[[ INFORMATION SHOWN open ]]
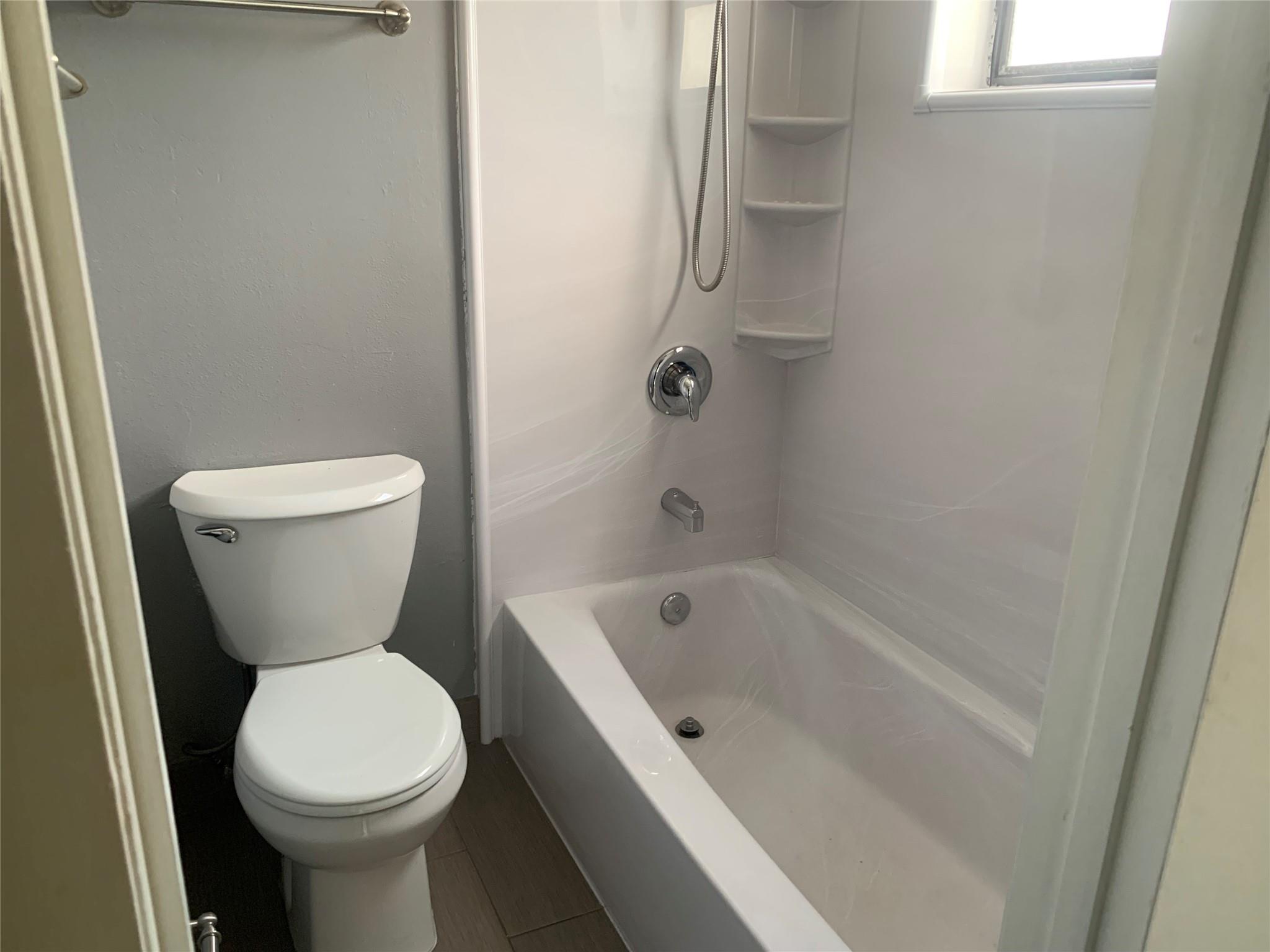 Fairways Of Coral Spgs Co - Residential Lease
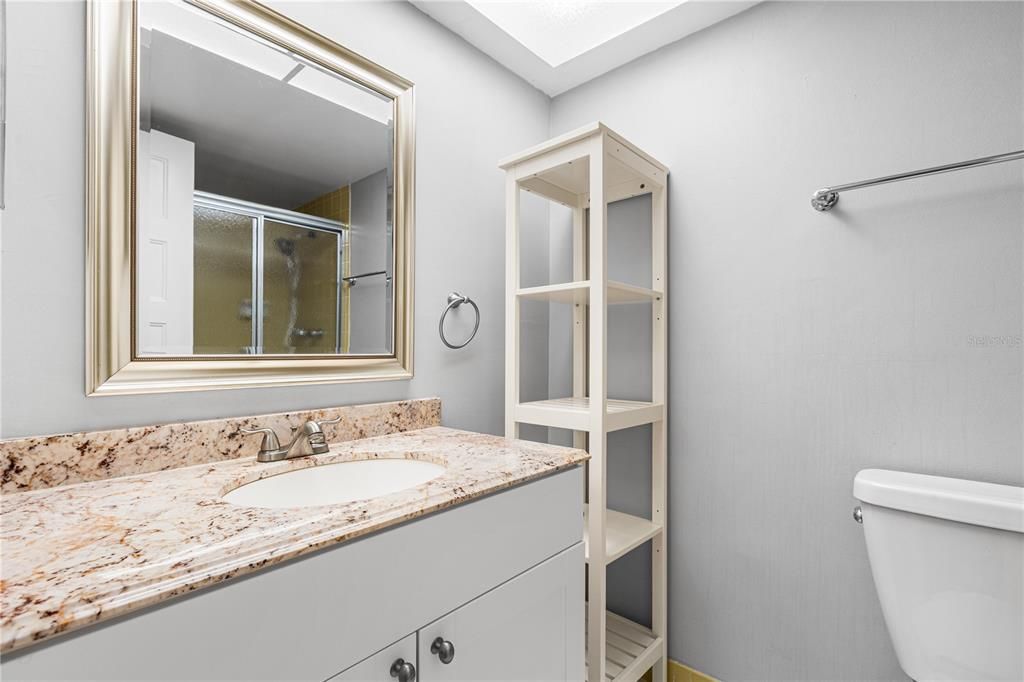 На продажу: $205,000 (2 спален, 2 ванн, 1035 Квадратных фут)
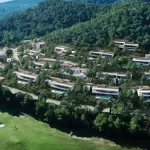 Twenty luxury villas with golf course and sea views in Roca Llisa (10)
[[ INFORMATION SHOWN closed ]]
#### PROMPT
In transcribing the lines above, omit the images and keep all else exact.

#### ANSWER FOR THIS EXERCISE
 Fairways Of Coral Spgs Co - Residential Lease
 На продажу: $205,000 (2 спален, 2 ванн, 1035 Квадратных фут)
 Twenty luxury villas with golf course and sea views in Roca Llisa (10)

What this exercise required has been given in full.